== Segment start ==

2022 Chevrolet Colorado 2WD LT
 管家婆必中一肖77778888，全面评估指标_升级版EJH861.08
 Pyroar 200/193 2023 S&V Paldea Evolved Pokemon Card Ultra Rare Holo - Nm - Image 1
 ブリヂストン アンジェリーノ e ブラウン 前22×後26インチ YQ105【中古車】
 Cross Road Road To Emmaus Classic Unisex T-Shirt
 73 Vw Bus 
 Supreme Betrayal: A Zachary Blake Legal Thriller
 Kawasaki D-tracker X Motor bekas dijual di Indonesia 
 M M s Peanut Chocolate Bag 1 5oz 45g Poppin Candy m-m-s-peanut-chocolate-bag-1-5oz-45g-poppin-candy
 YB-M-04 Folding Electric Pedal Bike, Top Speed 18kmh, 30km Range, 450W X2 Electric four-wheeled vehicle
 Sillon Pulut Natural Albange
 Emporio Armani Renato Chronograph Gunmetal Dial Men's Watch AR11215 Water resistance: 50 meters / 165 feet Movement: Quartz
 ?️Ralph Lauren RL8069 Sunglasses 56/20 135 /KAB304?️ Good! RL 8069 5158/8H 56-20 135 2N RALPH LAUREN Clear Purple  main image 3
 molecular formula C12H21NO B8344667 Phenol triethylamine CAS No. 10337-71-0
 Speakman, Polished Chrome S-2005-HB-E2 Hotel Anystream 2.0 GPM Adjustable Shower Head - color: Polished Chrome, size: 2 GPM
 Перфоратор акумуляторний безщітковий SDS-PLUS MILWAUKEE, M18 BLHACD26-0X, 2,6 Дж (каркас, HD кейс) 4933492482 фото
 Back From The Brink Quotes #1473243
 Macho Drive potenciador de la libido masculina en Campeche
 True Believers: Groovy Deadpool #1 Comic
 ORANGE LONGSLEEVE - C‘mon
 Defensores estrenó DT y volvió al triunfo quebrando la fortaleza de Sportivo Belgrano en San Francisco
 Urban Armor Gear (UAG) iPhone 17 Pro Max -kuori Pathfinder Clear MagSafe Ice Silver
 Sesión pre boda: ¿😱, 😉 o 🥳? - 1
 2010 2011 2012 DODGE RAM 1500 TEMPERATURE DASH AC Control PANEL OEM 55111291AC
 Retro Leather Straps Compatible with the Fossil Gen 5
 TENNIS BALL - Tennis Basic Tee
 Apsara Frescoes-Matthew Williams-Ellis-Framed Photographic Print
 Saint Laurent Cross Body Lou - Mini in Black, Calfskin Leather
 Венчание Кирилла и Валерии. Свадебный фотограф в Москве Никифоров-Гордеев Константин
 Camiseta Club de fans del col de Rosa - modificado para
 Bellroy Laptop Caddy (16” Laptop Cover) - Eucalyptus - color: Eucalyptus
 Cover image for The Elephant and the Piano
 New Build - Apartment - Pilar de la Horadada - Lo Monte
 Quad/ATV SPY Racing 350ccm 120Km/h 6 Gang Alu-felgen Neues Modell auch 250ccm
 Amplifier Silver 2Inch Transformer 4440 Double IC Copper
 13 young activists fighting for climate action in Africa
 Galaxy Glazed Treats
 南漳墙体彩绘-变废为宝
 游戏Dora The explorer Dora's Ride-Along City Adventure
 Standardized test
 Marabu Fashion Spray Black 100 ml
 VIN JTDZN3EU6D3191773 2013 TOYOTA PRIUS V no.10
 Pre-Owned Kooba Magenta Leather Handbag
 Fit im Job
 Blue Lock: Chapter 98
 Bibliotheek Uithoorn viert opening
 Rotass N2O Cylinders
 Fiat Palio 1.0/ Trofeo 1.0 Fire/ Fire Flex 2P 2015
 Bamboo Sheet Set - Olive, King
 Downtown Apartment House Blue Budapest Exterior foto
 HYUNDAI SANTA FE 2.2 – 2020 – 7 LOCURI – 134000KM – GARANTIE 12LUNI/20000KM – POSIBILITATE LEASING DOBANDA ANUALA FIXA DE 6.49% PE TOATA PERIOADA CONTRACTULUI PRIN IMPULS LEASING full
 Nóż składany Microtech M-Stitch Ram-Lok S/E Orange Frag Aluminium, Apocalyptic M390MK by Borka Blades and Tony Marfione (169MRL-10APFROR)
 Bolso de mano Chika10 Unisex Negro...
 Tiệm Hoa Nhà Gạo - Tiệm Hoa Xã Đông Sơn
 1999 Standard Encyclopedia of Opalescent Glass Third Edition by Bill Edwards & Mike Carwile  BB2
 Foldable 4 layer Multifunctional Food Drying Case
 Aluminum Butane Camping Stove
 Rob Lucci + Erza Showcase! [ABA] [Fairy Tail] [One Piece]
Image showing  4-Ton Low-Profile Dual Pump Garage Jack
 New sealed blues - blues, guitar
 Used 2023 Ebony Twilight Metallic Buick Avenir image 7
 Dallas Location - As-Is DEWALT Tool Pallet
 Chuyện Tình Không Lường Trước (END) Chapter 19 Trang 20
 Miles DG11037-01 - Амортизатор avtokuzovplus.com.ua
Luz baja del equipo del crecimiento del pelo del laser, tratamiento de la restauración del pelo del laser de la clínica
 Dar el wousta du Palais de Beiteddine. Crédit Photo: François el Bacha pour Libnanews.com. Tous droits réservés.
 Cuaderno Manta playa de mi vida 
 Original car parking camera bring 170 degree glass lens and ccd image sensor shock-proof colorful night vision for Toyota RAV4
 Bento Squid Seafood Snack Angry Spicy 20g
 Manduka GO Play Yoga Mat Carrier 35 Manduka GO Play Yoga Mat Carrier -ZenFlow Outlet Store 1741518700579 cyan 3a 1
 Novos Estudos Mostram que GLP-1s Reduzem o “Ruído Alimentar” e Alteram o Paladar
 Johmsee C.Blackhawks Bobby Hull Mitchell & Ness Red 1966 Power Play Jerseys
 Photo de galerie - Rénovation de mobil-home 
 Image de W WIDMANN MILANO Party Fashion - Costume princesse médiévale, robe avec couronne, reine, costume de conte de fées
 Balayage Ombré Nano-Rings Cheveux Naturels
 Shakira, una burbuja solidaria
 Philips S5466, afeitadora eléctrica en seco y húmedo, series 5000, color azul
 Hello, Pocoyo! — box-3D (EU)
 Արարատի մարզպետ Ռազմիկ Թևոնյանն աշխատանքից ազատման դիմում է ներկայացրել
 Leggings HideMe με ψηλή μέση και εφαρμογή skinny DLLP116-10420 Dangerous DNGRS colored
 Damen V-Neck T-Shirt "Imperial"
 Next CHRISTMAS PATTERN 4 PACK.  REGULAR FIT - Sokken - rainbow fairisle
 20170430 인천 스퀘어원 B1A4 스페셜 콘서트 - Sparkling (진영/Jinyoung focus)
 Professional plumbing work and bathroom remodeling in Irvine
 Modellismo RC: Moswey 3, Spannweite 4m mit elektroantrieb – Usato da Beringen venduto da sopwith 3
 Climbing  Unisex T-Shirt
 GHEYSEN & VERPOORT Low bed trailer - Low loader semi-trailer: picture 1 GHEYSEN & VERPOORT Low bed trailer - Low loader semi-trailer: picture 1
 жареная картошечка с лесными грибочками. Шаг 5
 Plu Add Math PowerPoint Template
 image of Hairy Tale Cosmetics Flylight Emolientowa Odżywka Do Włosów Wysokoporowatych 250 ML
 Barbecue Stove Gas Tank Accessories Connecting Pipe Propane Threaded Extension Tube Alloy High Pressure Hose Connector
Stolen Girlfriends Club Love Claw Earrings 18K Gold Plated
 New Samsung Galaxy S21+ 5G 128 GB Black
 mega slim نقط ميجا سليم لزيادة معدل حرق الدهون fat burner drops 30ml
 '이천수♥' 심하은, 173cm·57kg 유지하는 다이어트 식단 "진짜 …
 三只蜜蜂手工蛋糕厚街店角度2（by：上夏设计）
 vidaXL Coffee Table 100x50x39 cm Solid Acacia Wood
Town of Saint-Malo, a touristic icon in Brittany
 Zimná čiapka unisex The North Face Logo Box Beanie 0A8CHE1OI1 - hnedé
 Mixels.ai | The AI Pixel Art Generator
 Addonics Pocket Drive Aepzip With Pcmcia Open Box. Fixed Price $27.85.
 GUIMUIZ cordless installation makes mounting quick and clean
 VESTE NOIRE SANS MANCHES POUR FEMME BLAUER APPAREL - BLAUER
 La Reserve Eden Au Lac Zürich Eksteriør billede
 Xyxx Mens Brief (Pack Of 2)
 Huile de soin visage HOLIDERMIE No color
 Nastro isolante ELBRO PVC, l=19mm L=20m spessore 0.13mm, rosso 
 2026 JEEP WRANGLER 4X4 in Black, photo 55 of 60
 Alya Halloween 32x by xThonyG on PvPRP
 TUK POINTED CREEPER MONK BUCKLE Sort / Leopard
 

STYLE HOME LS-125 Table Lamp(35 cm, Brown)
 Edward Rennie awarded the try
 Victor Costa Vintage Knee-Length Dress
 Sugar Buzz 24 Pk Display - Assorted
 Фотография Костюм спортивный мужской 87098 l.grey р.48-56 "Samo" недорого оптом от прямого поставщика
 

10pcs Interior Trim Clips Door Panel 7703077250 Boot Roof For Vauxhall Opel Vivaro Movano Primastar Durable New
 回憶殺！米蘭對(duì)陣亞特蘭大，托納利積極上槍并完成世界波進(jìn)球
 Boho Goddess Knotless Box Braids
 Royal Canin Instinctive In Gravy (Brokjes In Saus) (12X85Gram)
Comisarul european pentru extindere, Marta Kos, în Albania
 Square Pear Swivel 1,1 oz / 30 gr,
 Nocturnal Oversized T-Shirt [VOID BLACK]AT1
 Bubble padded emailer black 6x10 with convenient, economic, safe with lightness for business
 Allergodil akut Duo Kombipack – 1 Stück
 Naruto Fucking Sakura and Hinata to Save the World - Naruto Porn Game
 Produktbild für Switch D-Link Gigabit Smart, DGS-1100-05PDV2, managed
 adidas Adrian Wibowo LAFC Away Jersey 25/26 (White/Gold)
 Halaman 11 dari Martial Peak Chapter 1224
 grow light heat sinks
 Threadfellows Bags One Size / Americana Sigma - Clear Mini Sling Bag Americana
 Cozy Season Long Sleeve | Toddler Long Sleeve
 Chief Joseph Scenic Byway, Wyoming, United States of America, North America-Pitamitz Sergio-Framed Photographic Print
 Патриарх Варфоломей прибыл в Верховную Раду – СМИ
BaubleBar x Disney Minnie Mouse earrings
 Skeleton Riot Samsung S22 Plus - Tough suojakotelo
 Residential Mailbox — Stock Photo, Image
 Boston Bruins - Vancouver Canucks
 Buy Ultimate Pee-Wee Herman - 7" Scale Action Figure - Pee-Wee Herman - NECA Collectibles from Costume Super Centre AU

== Segment end ==

» WHAT NEEDS TO BE DONE: Your answer should hold the line with "Royal Canin Instinctive" and each line after it to the end of the data, retyped exactly. Include no other lines.

» OUTPUT OF THE TASK:
 Royal Canin Instinctive In Gravy (Brokjes In Saus) (12X85Gram)
Comisarul european pentru extindere, Marta Kos, în Albania
 Square Pear Swivel 1,1 oz / 30 gr,
 Nocturnal Oversized T-Shirt [VOID BLACK]AT1
 Bubble padded emailer black 6x10 with convenient, economic, safe with lightness for business
 Allergodil akut Duo Kombipack – 1 Stück
 Naruto Fucking Sakura and Hinata to Save the World - Naruto Porn Game
 Produktbild für Switch D-Link Gigabit Smart, DGS-1100-05PDV2, managed
 adidas Adrian Wibowo LAFC Away Jersey 25/26 (White/Gold)
 Halaman 11 dari Martial Peak Chapter 1224
 grow light heat sinks
 Threadfellows Bags One Size / Americana Sigma - Clear Mini Sling Bag Americana
 Cozy Season Long Sleeve | Toddler Long Sleeve
 Chief Joseph Scenic Byway, Wyoming, United States of America, North America-Pitamitz Sergio-Framed Photographic Print
 Патриарх Варфоломей прибыл в Верховную Раду – СМИ
BaubleBar x Disney Minnie Mouse earrings
 Skeleton Riot Samsung S22 Plus - Tough suojakotelo
 Residential Mailbox — Stock Photo, Image
 Boston Bruins - Vancouver Canucks
 Buy Ultimate Pee-Wee Herman - 7" Scale Action Figure - Pee-Wee Herman - NECA Collectibles from Costume Super Centre AU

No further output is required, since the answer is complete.